2. **Grade:** Asks the judge agent to check your assertions against the outputs, generating a nice `grading.json` with PASS/FAIL verdicts.
3. **Benchmark:** Gathers all the stats into `benchmark.json` so you can easily see if your skill is pulling its weight!

> 💡 **Want the tool to fix failures automatically?** Try `skill-eval loop --fix` and watch it re-run failing evals with the judge's feedback as a critique! It'll keep refining until things pass or it hits the attempt limit. Perfect for those "almost there" situations.

> 🔬 **Shipping to multiple runtimes?** `skill-eval loop --models pi:claude-sonnet,claude:opus-4-8,copilot` runs every eval against each agent and tells you which one your skill helps most.

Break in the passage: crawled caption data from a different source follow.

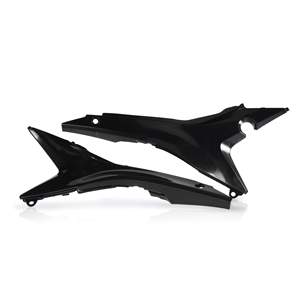 New Air Filter <b>Box</b> Cover for Honda Acerbis - Product Image 1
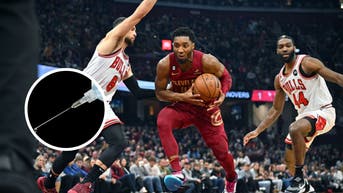 donovan mitchell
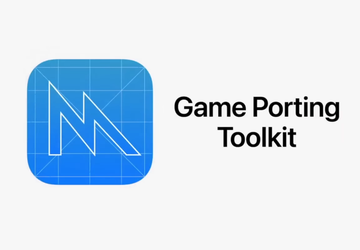 Game Porting Toolkit - een nieuw ...
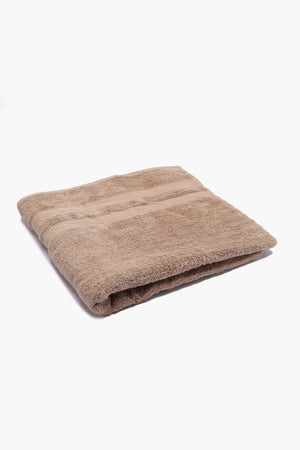 Double Border Bath Towel (160*90cm)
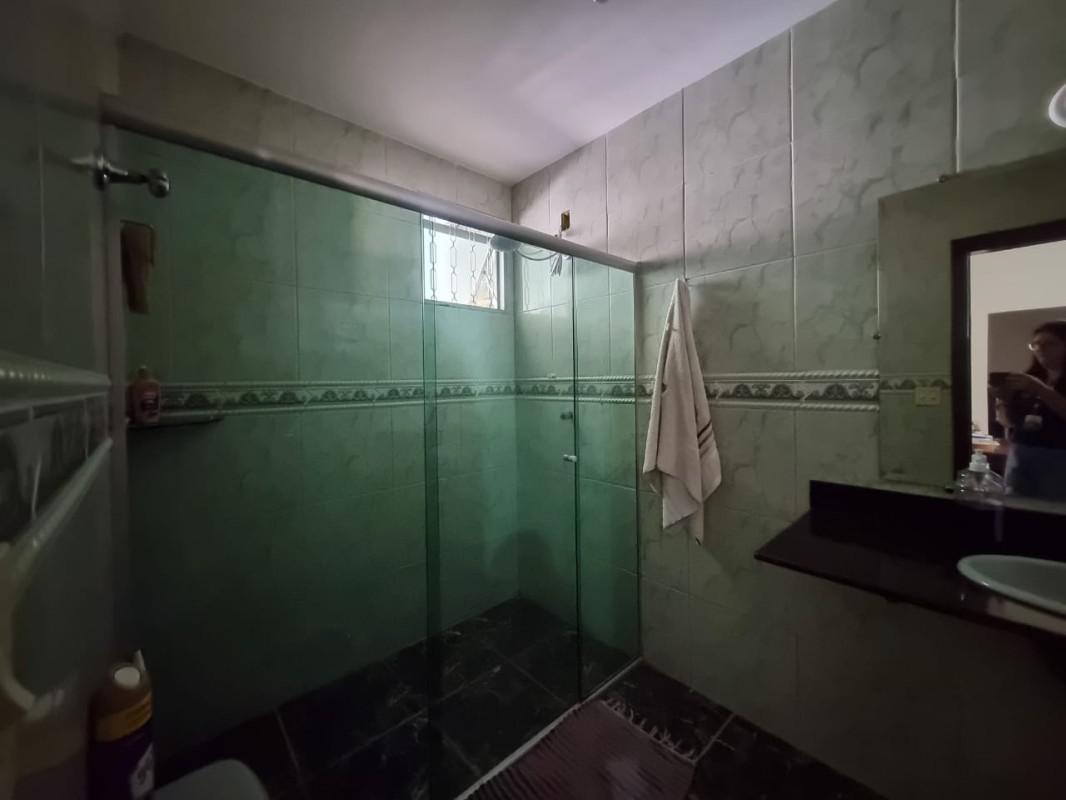Casa, Parque Duval de Barros, 3 Quartos, 3 Vagas, 1 Suíte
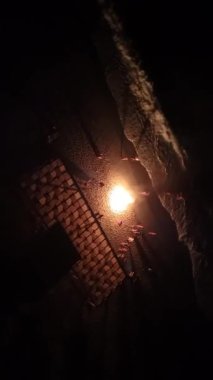 Müzik ve dalgaların sesi ile eğlenceli bir akşam..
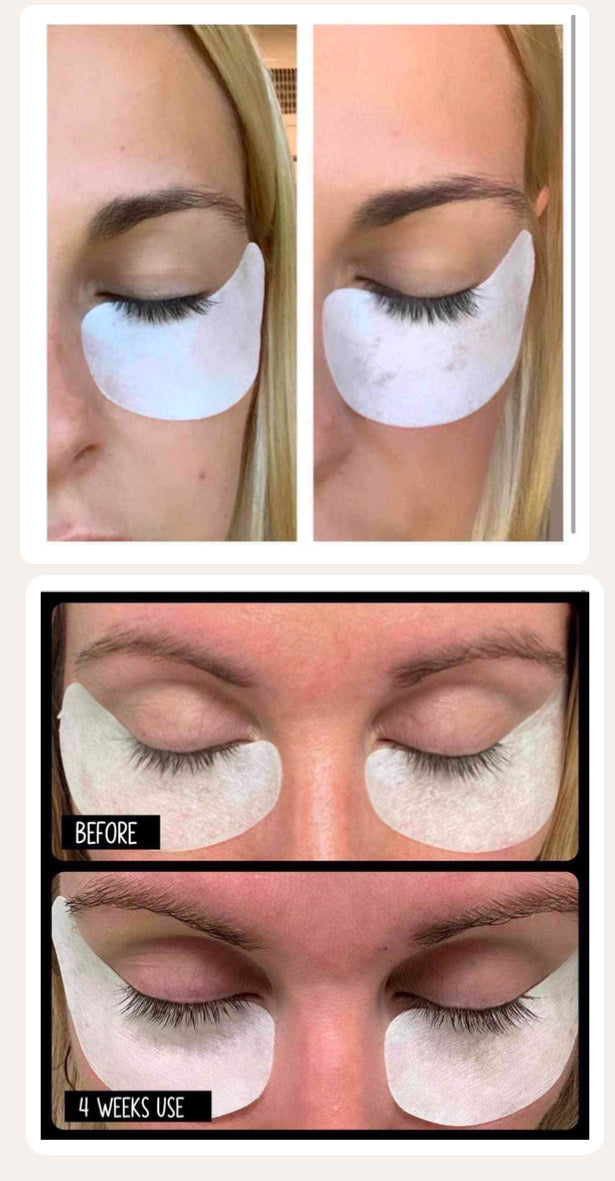 Lash + Brow Serum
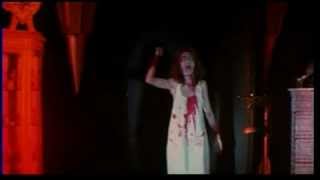 Suspiria 1977  US Theatrical Trailer [upl. by Damal]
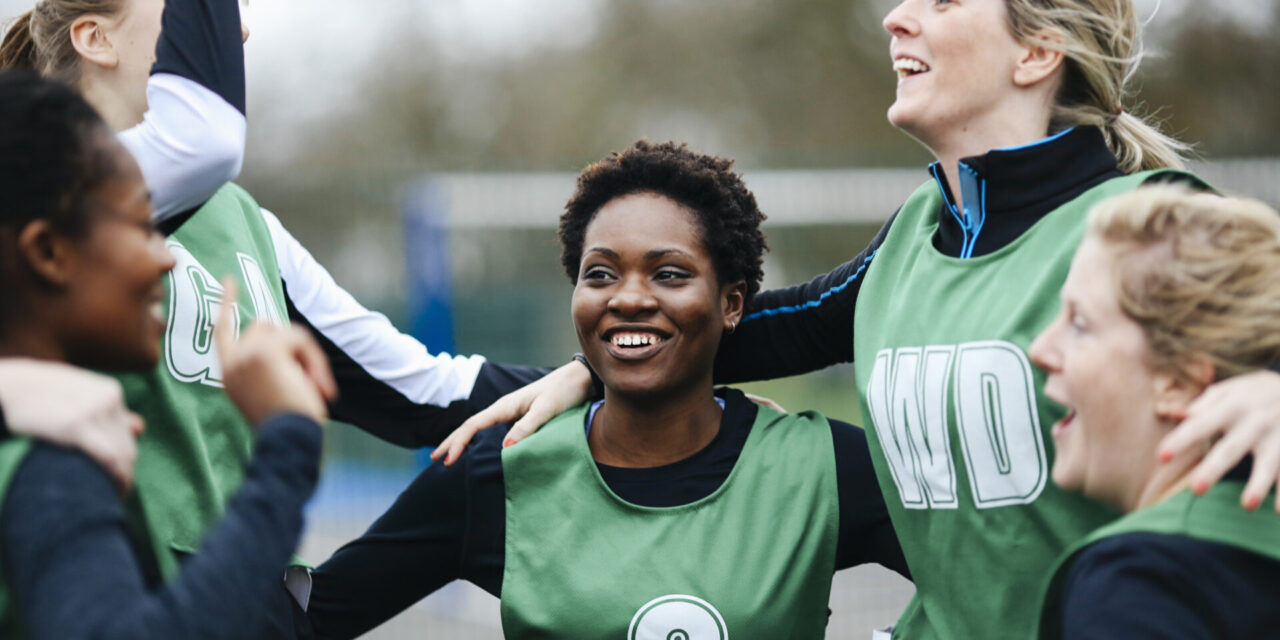 Les sports d&rsquo;équipe pour rester motivé durant votre régime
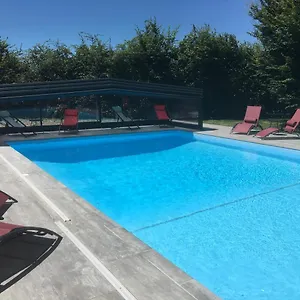 Hotel The Originals City, Rey Du Mont Sion, Saint-julien-en-genevois Sud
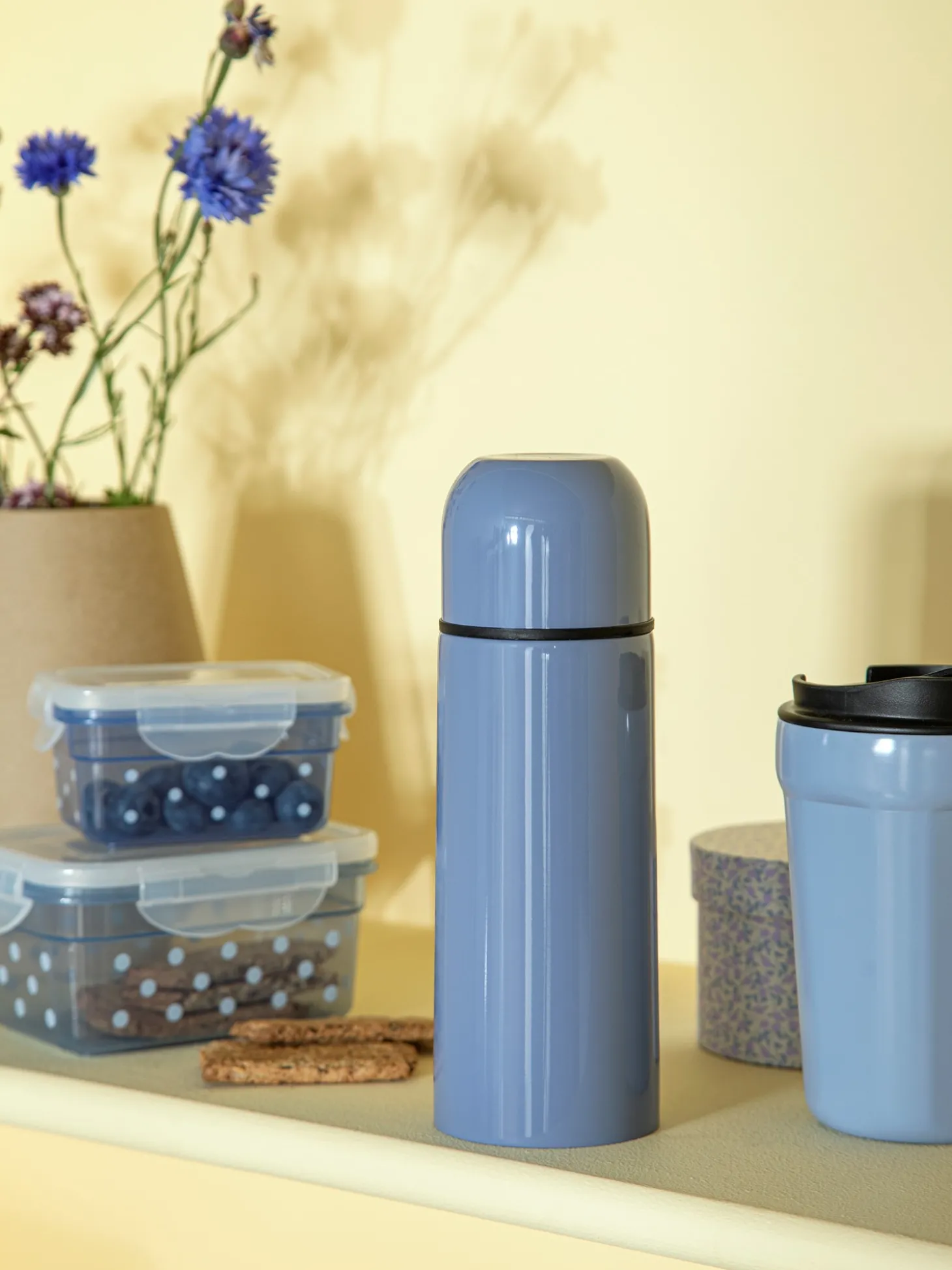 Termoflaske 350 Ml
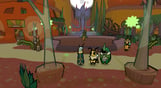 Bug Fables: The Everlasting Sapling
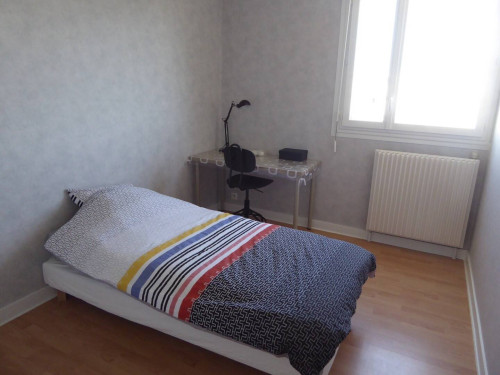 78m² Entire home for 3 people - Gallery - 8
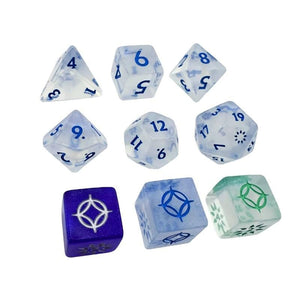 Brotherwise Games Roleplaying Games Cosmere RPG - Stormlight Basic Dice Set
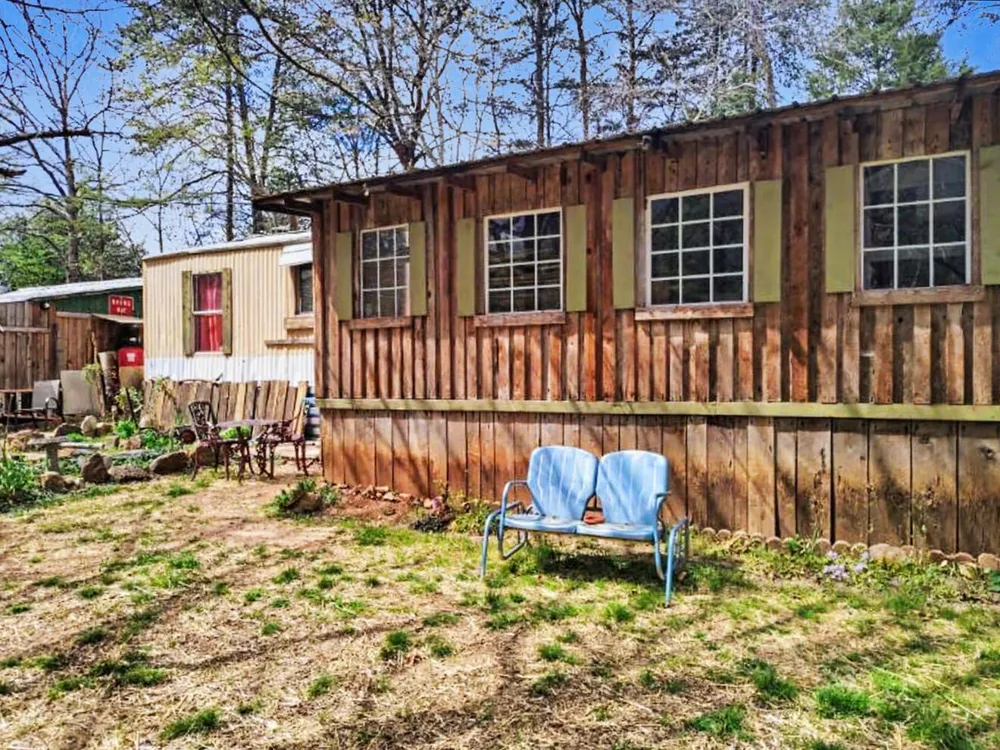 434 Unicoi Church Road Tellico Plains, TN 37385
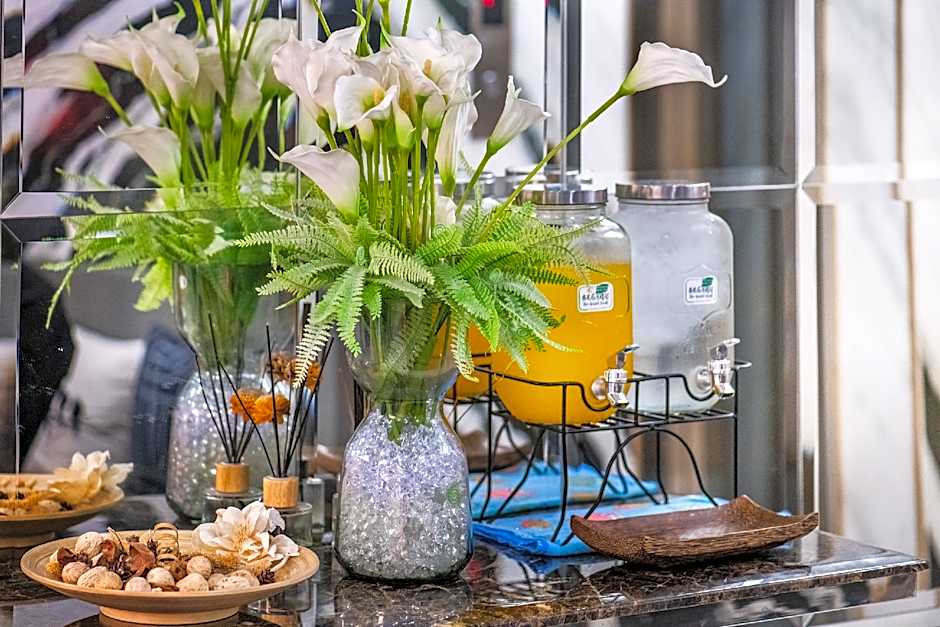 Tori Prestige Bangkok Hotel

Great for runtime-agnostic skills!

### 4. Review the results 🔍

Take a peek inside your workspace. For each eval, you'll find:

| Artifact | What it tells you |
|----------|------------------|
| `outputs/` | The actual files generated—open them up and take a look! |
| `grading.json` | Which assertions passed or failed, along with the judge's reasoning. |
| `benchmark.json` | All your stats and deltas in one place. |

**Don't forget to add your feedback!** You can leave notes in `feedback.json`:

```json
{
  "eval-1": "The chart is missing axis labels and the months are in alphabetical order instead of chronological.",
  "eval-2": ""
}
```
Specific feedback is super helpful; vague feedback, not so much. If you leave it empty, it means everything looked great!

### 5. Spot the patterns 🧩

After grading, dive into the details:
- **Toss out assertions that always pass:** They aren't telling you anything new!
- **Fix assertions that always fail:** The test might be too hard, or the assertion might be a bit off.
- **Celebrate assertions that pass *only* with your skill:** This is where your skill shines! Figure out which instructions made the magic happen.
- **Check the outliers:** If something took way too long, read the transcript to see where it got stuck.

### 6. Keep iterating! 🚀

Now you have the three golden signals: failed assertions, your feedback, and execution transcripts. Use them to tweak your skill!

Once you've made updates, run the loop again comparing against your previous version:

```bash
skill-eval loop --baseline previous
```

This creates an `iteration-2/` directory. Keep iterating until you're thrilled with the results and your feedback is completely empty!